## YOUR OBJECTIVE
In the listing below, find the line containing "かわいいおもしろいアイスクリームポップシクル漫画トリオ ポーカーチップ (正面)" and the line containing "CookinPellets 40-Pound Longhorn", then copy exactly everything from the first through the second, except the pictures.

## INFORMATION
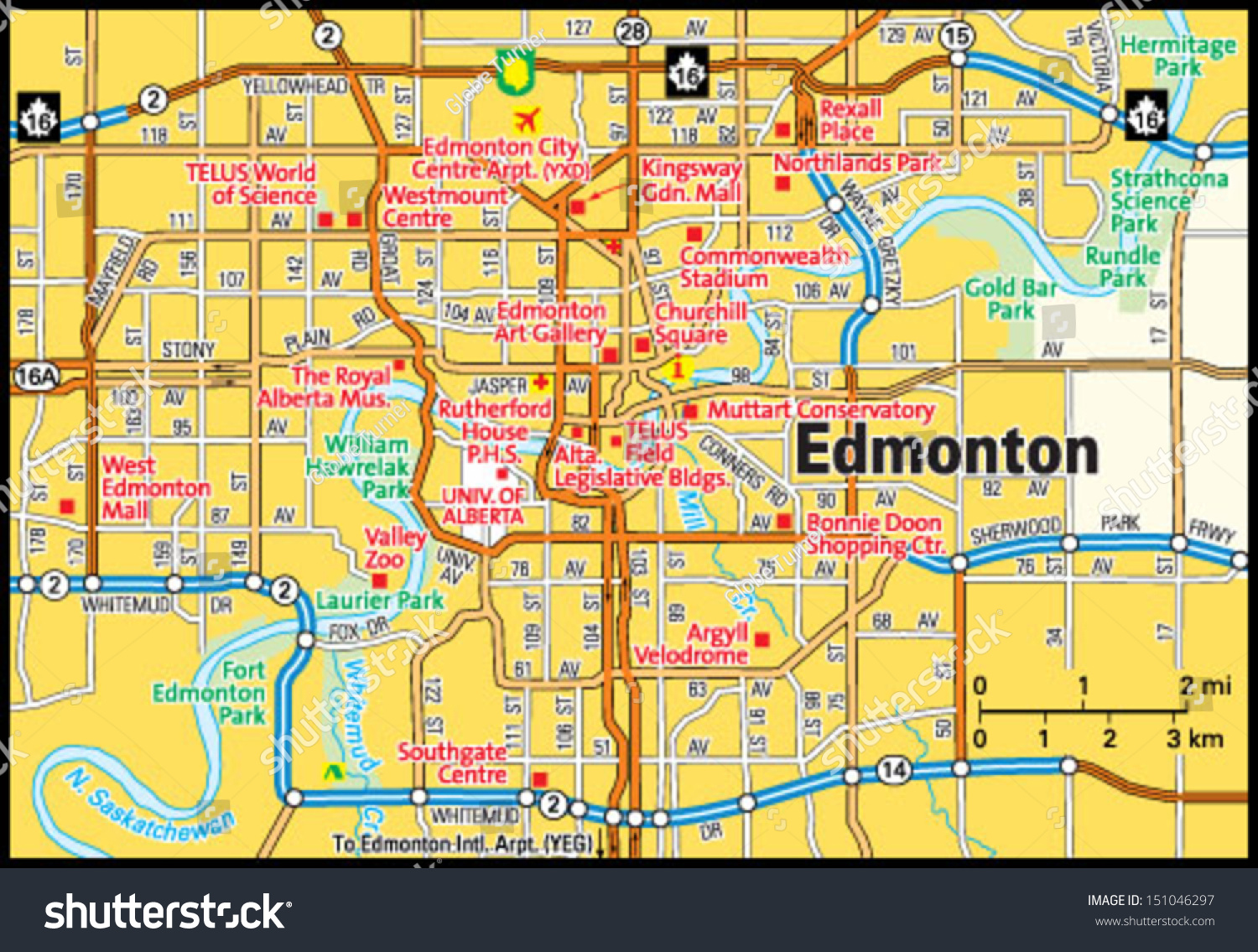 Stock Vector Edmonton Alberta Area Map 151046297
--
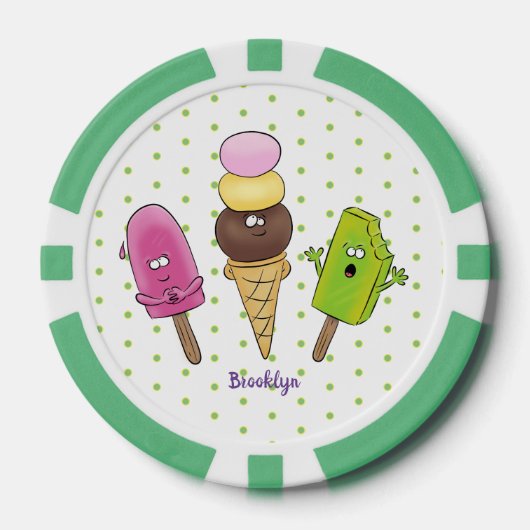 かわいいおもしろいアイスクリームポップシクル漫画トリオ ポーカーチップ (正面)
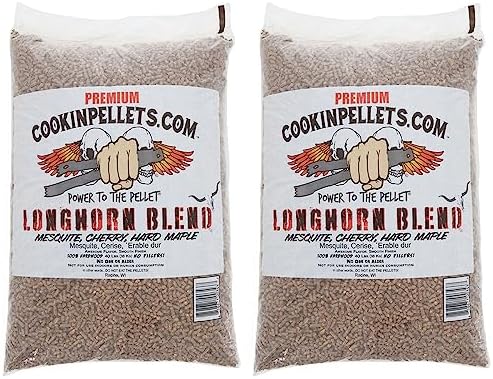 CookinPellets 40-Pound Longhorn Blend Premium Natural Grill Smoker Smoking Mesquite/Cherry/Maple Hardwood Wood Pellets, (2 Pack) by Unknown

## WRITTEN RESPONSE
 かわいいおもしろいアイスクリームポップシクル漫画トリオ ポーカーチップ (正面)
 CookinPellets 40-Pound Longhorn Blend Premium Natural Grill Smoker Smoking Mesquite/Cherry/Maple Hardwood Wood Pellets, (2 Pack) by Unknown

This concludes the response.